Tudo que eu tinha era fruto de muita fé e esforço. Dava pra contar nos dedos em quem acreditou em mim, ou no meu sonho. Uma mão já fechava, minha família. E a outra se completava com os meus irmãos de vida... Não era segredo pra ninguém que eu rapidamente cresceria dentro de um time, de um clube. Tinha praticamente me criado dentro do Mengo, tinha credibilidade e apoio lá dentro. Nunca faltou nada. Só uma chance. Ela veio e me trouxe pra cá... e sinceramente, eu gostava pra caralho. De ver meus pais com o sorriso no rosto, de me sentir surreal perante os feitos, e principalmente, colocar mais fé em mim.

E todo esse sucesso e vitória, viria muitas responsabilidades e vantagens.
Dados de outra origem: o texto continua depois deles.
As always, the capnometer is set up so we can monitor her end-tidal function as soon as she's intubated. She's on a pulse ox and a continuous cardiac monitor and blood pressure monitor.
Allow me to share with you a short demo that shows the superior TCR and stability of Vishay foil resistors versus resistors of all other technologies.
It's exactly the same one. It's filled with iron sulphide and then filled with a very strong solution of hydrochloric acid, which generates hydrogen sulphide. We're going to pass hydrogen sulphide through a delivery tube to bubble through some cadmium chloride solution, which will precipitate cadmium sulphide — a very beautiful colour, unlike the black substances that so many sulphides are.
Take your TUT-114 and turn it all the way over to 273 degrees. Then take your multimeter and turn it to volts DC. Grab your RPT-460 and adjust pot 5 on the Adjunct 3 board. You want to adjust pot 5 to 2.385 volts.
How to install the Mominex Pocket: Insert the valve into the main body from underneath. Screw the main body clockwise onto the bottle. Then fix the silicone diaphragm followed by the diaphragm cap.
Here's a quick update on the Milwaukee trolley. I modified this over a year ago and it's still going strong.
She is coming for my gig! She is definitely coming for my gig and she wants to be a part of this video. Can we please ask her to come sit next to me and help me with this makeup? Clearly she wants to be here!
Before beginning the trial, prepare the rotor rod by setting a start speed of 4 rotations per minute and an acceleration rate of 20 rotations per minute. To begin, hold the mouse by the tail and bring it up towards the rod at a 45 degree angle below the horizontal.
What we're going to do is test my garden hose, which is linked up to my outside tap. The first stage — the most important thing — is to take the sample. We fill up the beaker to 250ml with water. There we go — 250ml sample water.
Nem sempre as partes boas surgiriam da forma certa, como meu pai diz, viriam disfarçadas. E isso servia para as coisas ruins também. É uma merda não saber quem está do seu lado por gostar de você ou do que você é. Vivia numa constante briga interna com o meu eu do passado e o eu do futuro. Um deles só queria viver o que havia de bom, fazer as pessoas felizes e ser feliz pelo o que conquistou. O outro, bom, era difícil de entender esse cara... Queria tá no meio da ''alegria''. Nas festas como todos os outros, pegar todas mulheres lindas que estavam na volta e curtir o que havia de melhor.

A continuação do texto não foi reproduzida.